# Laden von mp3 Playern mit USB-Netzteil



## Jiminey (3. Oktober 2010)

Hi ich muss ein Ladegerät für den mp3 Player meiner Freundin auftreiben, da habe ich mal meine ganzen Kabel, Stecker usw durchsucht und ein Netzteil mit mini USB gefunden.

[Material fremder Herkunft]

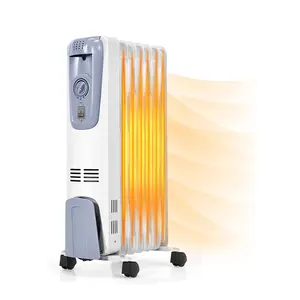 Adjustable Thermostat Control 2500w Oil Filled Radiator Oil Heater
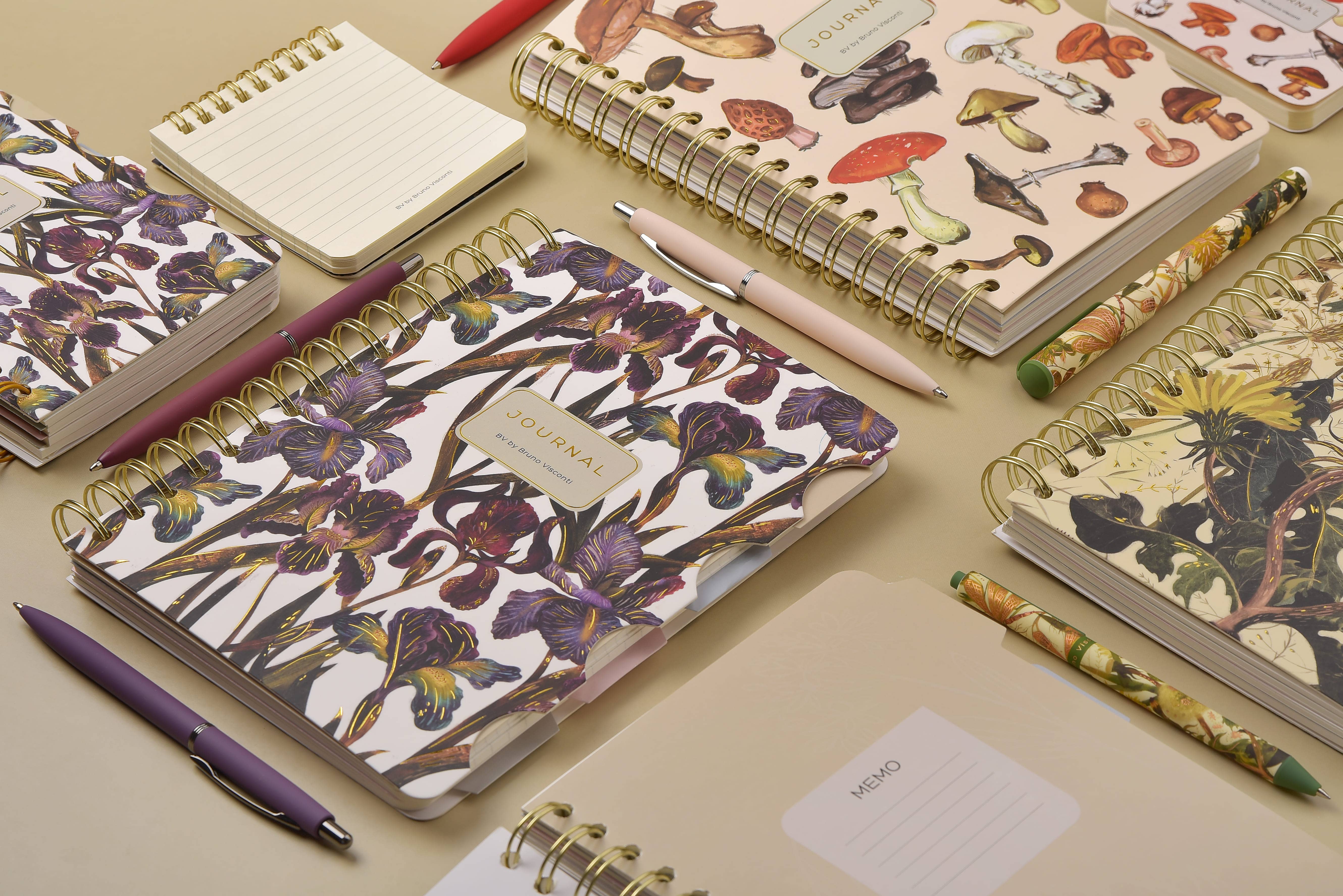 BV by Bruno Visconti - Wholesale Journal/Diary - Art Journal   - Irises7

Die Daten: INPUT:AC100-240V 50/60HZ 0,25A

               OUTPUT: DC5V 1,2A

Input ist klar ganz normale Steckdose.

Beim Output bin ich mir nicht ganz sicher ich glaube ein USB anschluss am PC hat 5V 0,5A. Das Netzteil hat jetzt aber 1,2A kann ich trotzdem jeden mp3 Player damit laden?

Danke


----------



## kress (3. Oktober 2010)

USB Netz-Ladeadapter Silber/Schwarz Weitere tolle Angebote Elektronik / Hifi / PC Ladekabel / Adapter

Das hier ist was du suchst.
Find jetz leider nicht meinen eigenen Adapter, da steht das bestimmt drauf.
So ein Teil bekommst du aber in jedem Elektronikladen.


----------



## Jiminey (3. Oktober 2010)

Also wo ich eins her bekomme weiß ich .

Mir geht es darum ob dieses von mir beschriebene Netzteil seinen zweck nicht auch erfüllt den das habe ich ja bereits.

Danke


----------



## Jever_Pilsener (3. Oktober 2010)

5V = Das Gerät kriegt 5V. Wenn du z.B. 1000V drauf jagen würdest, würde das Gerät abrauchen.
1,2A = Das Gerät kann maximal 1,2A ziehen. Wenn es nur 0,5A oder noch weniger zieht, ist das aber kein Problem. Nur wenn ein Gerät mehr als 1,2A ziehen will, gibt es Probleme, dann kann das Netzteil beschädigt werden oder es gibt einfach nicht mehr Strom her.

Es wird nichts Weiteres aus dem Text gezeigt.